En poursuivant votre navigation, vous acceptez l’utilisation des cookies afin de vous proposer du contenu, des services et des publicités personnalisés selon vos centres d’intérêts.

Pour en savoir plus consultez notre politique de protection des données personnelles.

La photo officielles des trente candidates à Miss France 2019. — Benjamin Decoin / Sipa

DIVERSITE

Miss France 2019: La moitié des miss noires ou métisses, une avancée pour le concours?

Cette année, nombreuses sont les miss noires et métisses et « 20 Minutes » s’est demandé si ça pourrait aider à combattre les stéréotypes…

  • Cette année, la moitié des candidates à Miss France 2019 sont noires et métisses.
  • L'élection faisant partie des programmes télé les plus regardés de l'année, nous nous sommes demandé si cela signifait une avancée de la diversité à la télévision.

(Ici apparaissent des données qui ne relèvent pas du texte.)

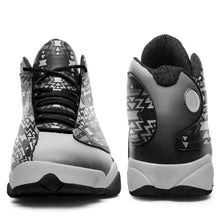 Load image into Gallery viewer, Black Fire Black and White Athletic Shoes Herman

L’avez-vous remarqué ? Cette année, la moitié des candidates à la couronne de Miss France 2019 sont noires, métisses ou issues de l’immigration. Près de 8 millions de téléspectateurs vont donc assister à un concours plus proche de la société telle qu’elle est alors que la télévision ne montre quasiment que des blancs. Cette soirée peut-elle porter un message ?

Du côté des miss concernées, on n’en est pas convaincues. Miss Guadeloupe, Ophély Mézino, et Miss Picardie, Assia Kerim, partagent plutôt l’avis de Miss Guyane, Laureline Decocq, pour qui « c’est important d’être nombreuses parce que la France d’aujourd’hui c’est beaucoup de métissages. On montre toutes les facettes de la beauté française. »

« Ça représente la France d’aujourd’hui »

Pour Miss Limousin, Aude Destour, mi-Ch’ti mi-Martiniquaise, l’intérêt c’est que « nous ne sommes pas du tout les mêmes métisses. Par exemple, Miss Provence a des origines algériennes. C’est super bien pour le concours parce que ça représente la France d’aujourd’hui. Il y a aussi des origines d’autres pays d’Europe. » Un constat que partage Jessie Magana, autrice d’ouvrages jeunesse autour de la lutte contre les stéréotypes et le sexisme.

 

« Les métisses sont un peu plus visibles cette année dans le concours et représentent une tendance de fond de la société française, rappelle l’autrice. C’est assez intéressant parce que ça montre la réalité de la société française qui est mélangée quoi qu’on veuille nous faire croire, issue de vagues d’immigration​ très anciennes. Un Francais sur quatre a au moins un de ses grands-parents qui n’est pas né en France. C’est révélateur du métissage progressif de la société française. »

Mais selon l’autrice, ce qui est aussi intéressant dans le métissage des miss, c’est leur origine sociale. « Elles viennent toutes plus ou moins de la classe moyenne, et les vagues d’immigration sont souvent dans les classes populaires. Là, le fait que la plupart de ces jeunes femmes soient de classe moyenne montre l’intégration des anciens immigrés à la société française. Ces jeunes filles sont un vrai panel de ce qu’est la société française. » Mais cela ne suffira pas forcément à faire évoluer les mentalités.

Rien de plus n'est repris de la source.